付着突起はホヤの変態開始に欠かせない組織です。これを幼生から除去するとどうなるのか、という実験を行いました。すると、幼生は固着できないので変態を開始できなくなります。ここまでは予想通りだったのですが、尾部を吸収せず変態を開始していないはずの幼生の体幹部(幼生の頭に見える部分。正確には頭部だけでなく消化管なども含んでおり、大人のホヤになる部分)が成長を始め、ある程度成体組織の発達が確認されます。本来変態後でなければ活動を始めない心臓や鰓も活動しています。しかし尾部は残っており、幼生のままです。このことから、付着突起には変態を開始させる能力の他に、変態開始していない時期に成体組織の成長を停止させておく機能があることが分かります。確かに、ホヤの幼生は固着しなければ幼生のままで、成長はいつまでたっても見られません。このことは、時期が来たら大きくなって成体になる両生類や昆虫の変態と大きく異なる点で、ホヤの変態が単に時間経過で制御されていないことを意味しています。

上は正常幼生、下が付着突起を切除された幼生

上記の付着突起除去の実験の途中で、変態に異常を示す突然変異体を得ることに成功しました。このホヤは固着までするのですが、固着後に尾部が吸収されずいつまでも残っています。そのことから、tail regression failed (trf) 突然変異体と名付けました(Nakayama-Ishimura et al., Developmental Biology 326, 357-367, 2009)。

TRF変異体の幼生

trf突然変異体の幼生は、単に変態を開始しないだけではありません。なんと付着突起を除去した幼生と同じように、体幹部が成長してきてしまいます。
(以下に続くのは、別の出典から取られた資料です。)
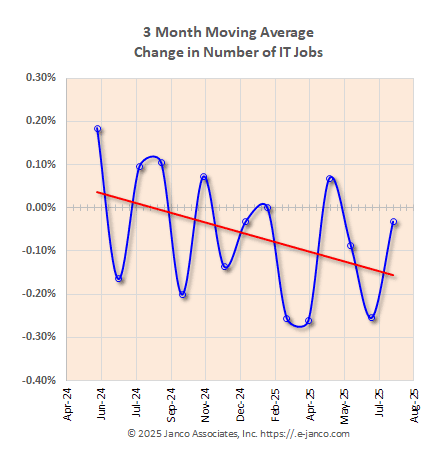 IT Hiring Trend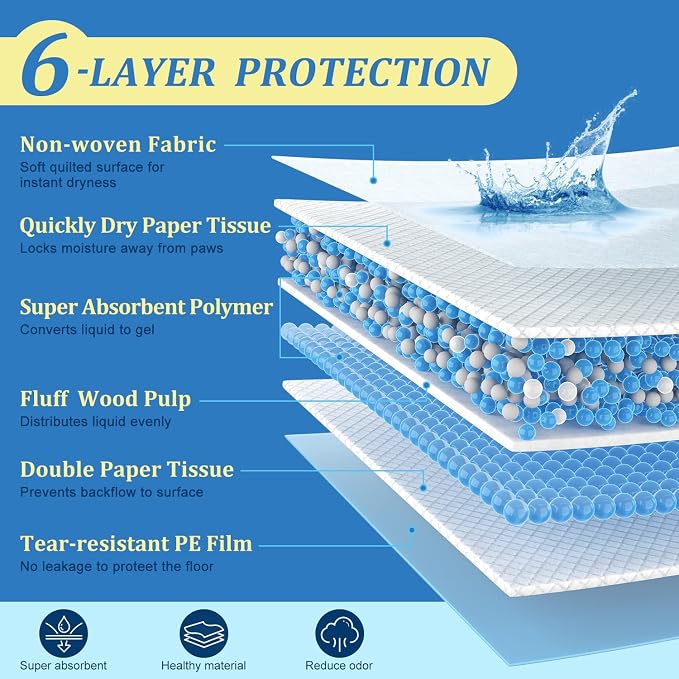 Dog Pee Pads Extra Large 31"x36" 100 Count, Disposable Puppy Training Pads, Super Absorbent Leak-Proof Pads for Dogs, Cats, Rabbits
つまり、trf変異体で異常になっている遺伝子は、付着突起の重要な機能に働いている可能性が極めて高いのです。付着突起の除去という研究を進めているときに、それと同じ異常を示す変異体が得られるという幸運が生じたことに大変驚いています。

trf変異体の原因を突き止めることで、ホヤの変態機構の詳細が分かると考えられます。現在trf変異体の原因遺伝子を探っており、近々正体が判明すると予想しています。